1 Status of this document

This document is in an early draft stage. Comments are welcomed at public-expath@w3.org mailing list (archive).

2 Introduction

This module is designed to specify a small library of functions for parsing expressions in XPath ([XPath3.0]) or XQuery ([XQuery3.0]) into XML trees, and in the reverse direction serialising these trees into equivalent string expressions.

2.1 Supported languages

There are two sense of languages supported by this API definition:

  • The languages for which expression data is supported. In this case it is expected to be defined for various (all?) versions of the following language families: XPath ([XPath1.0],[XPath2.0],[XPath3.0]) and XQuery ([XQuery1.0],[XQuery3.0]).

    It is anticipated that implementors will use tools to generate portions of code semi-automatically from EBNF descriptions of the language grammars, and thus the suite of supported languages, especially in terms of succeeding versions, will be extensible. For further details see 6 Extensibility & Enquiry.

  • The languages within which the functions can be executed. At present the model of describing options uses a map, which restricts its use to XPath3.0+, XQuery3.0+ and XSLT3.0+

2.2 Namespace conventions

The module defined by this document defines several functions, all contained in the namespace http://expath.org/ns/xparse. In this document, the xp prefix, when used, is bound to this namespace URI.

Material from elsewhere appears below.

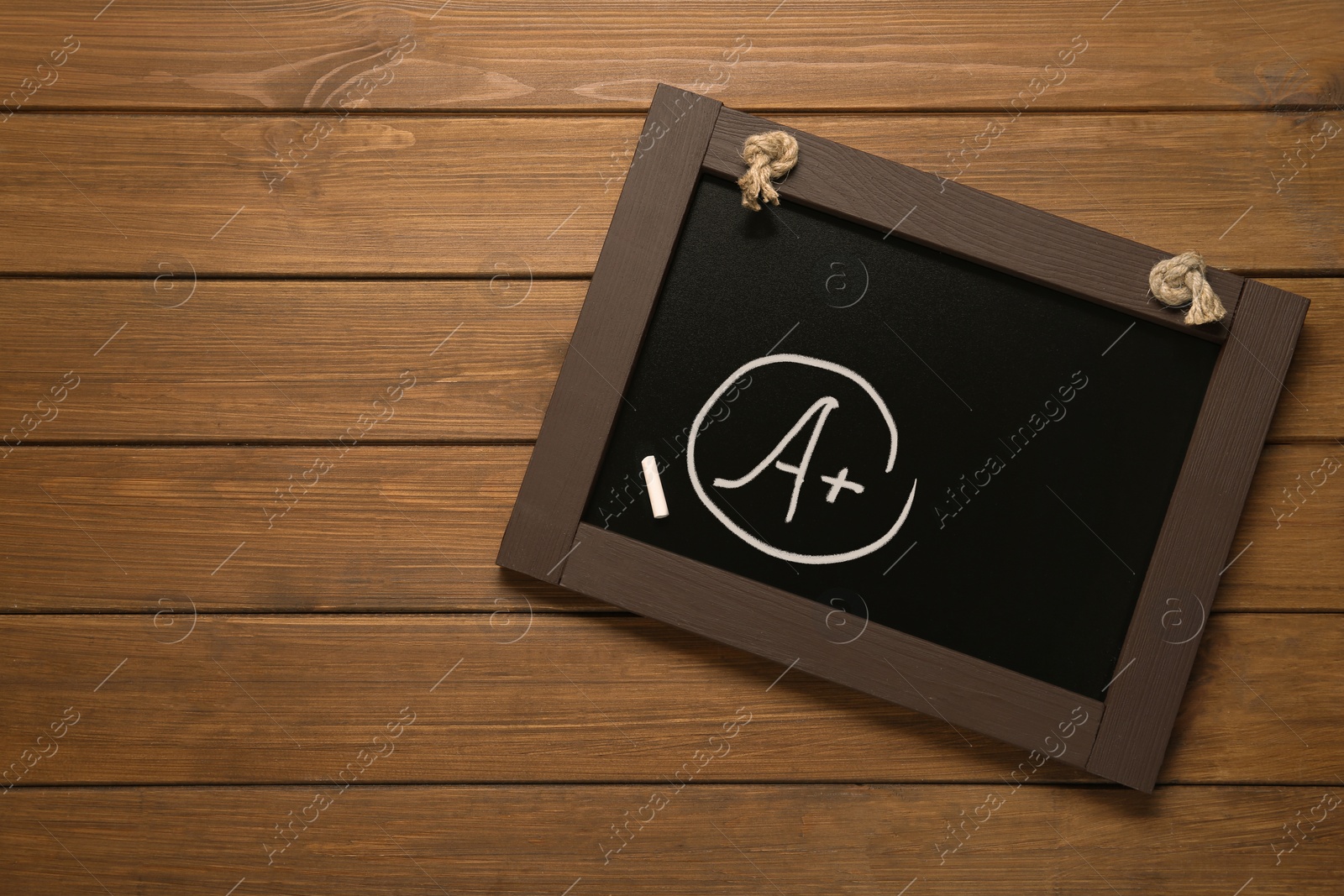 Image of School grade. Small blackboard with chalked letter A and plus symbol on wooden background, top view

Error codes are defined in the same namespace (http://expath.org/ns/xparse), and in this document are displayed with the same prefix, xp.

2.3 Error management

There are two principal types of error: those resulting from erronious arguments or useage and those resulting from invalid primary inputs (e.g. an invalid XPath expression). Both types of failure will generate an error identified by a code (a QName.) When such an error condition is reached in the evaluation of an expression, a dynamic error is thrown, with the corresponding error code (as if the standard XPath function error() had been called.). An implementation may provide additional information about the exact nature of the error, that can for example be processed in an XSLT 3.0 try/catch construct.

2.4 Parse trees

Parse trees within this module are represented as XML trees, with element names corresponding to the EBNF grammar productions for the version of XPath/XQuery being parsed. For example:

<AdditiveExpr>
   <IntegerLiteral>1</IntegerLiteral>
   <TOKEN>+</TOKEN>
   <IntegerLiteral>5</IntegerLiteral>
</AdditiveExpr>

is a subtree corresponding to the string section 1 + 5.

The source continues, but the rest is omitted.